Comment on some results of Erdahl and the convex structure of reduced density matrices

TL;DR

This paper extends Erdahl's results on the convex structure of N-representable reduced density matrices to more general quantum marginal problems, establishing uniqueness of pre-images under certain conditions.

Contribution

It generalizes Erdahl's convex structure results to m-body and quantum marginal settings, proving uniqueness of extreme points' pre-images when 2m ≥ N.

Findings

When 2m ≥ N, every extreme point has a unique pre-image.

Extensions to quantum marginal problems for complementary m- and (N-m)-body reductions.
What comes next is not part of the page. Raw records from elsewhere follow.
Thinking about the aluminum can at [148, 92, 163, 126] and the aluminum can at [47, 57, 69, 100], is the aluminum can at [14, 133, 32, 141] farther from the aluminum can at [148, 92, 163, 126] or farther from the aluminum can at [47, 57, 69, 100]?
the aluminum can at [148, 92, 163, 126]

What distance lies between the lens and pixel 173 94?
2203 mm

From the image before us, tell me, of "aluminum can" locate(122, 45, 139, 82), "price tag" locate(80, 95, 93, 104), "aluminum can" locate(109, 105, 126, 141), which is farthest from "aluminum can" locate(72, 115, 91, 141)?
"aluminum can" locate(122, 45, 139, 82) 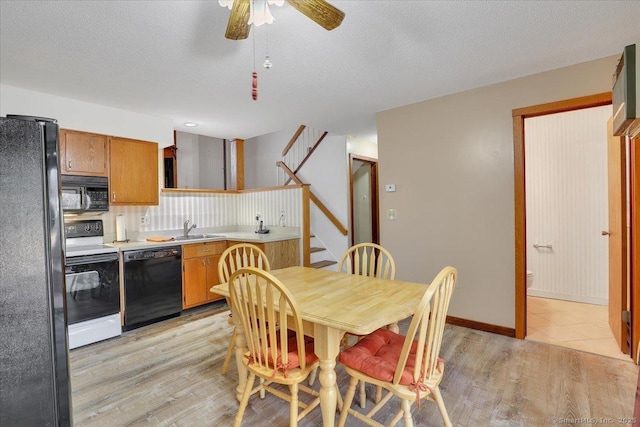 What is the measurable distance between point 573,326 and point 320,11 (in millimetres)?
3564

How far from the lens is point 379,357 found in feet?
5.10

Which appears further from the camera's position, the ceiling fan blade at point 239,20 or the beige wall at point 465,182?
the beige wall at point 465,182

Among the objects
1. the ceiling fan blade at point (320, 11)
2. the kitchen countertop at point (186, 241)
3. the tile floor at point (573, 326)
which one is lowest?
the tile floor at point (573, 326)

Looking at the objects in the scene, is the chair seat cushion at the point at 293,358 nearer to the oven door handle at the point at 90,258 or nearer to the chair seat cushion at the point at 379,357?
the chair seat cushion at the point at 379,357

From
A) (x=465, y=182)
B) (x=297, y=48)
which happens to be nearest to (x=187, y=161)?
(x=297, y=48)

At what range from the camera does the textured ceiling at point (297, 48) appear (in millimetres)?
1812

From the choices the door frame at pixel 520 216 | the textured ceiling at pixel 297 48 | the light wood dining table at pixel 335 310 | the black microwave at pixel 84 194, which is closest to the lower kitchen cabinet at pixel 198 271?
the black microwave at pixel 84 194

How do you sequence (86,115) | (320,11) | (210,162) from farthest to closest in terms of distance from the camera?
(210,162) < (86,115) < (320,11)

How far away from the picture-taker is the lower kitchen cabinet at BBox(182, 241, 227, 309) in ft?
11.8

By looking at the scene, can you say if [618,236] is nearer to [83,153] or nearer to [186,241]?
[186,241]

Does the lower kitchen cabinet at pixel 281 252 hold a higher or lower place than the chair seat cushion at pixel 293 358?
higher

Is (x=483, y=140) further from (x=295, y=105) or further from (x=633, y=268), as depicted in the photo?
(x=295, y=105)

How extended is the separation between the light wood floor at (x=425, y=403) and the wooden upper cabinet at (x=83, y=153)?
5.52ft

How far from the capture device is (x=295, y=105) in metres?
3.40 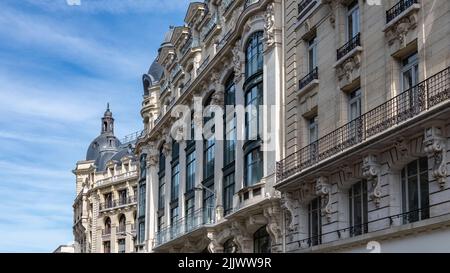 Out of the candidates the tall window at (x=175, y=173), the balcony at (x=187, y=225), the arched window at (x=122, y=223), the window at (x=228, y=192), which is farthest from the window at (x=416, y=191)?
the arched window at (x=122, y=223)

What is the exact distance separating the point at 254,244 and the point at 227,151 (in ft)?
20.2

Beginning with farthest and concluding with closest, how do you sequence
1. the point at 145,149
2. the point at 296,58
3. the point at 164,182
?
the point at 145,149 < the point at 164,182 < the point at 296,58

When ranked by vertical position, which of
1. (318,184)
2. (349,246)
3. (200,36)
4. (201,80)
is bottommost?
(349,246)

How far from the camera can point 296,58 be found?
109 feet

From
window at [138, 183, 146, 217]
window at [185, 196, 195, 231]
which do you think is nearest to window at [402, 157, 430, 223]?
window at [185, 196, 195, 231]

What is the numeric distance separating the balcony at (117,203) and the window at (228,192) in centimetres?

Partial resolution of Erdahl's claim regarding exposed points in finite dimensions.

Abstract

In J. Math. Phys. 13, 1608-1621 (1972), Erdahl considered the convex structure of the set of $N$-representable 2-body reduced density matrices in the case of fermions. Some of these results have a straightforward extension to the $m$-body setting and to the more general quantum marginal problem. We describe these extensions, but can not resolve a problem in the proof of Erdahl's claim that every extreme point is exposed in finite dimensions. Nevertheless, we can show that when $2m \geq N$ every extreme point of the set of $N$-representable $m$-body reduced density matrices has a unique pre-image in both the symmetric and anti-symmetric setting. Moreover, this extends to the quantum marginal setting for a pair of complementary $m$-body and $(N-m)$-body reduced density matrices.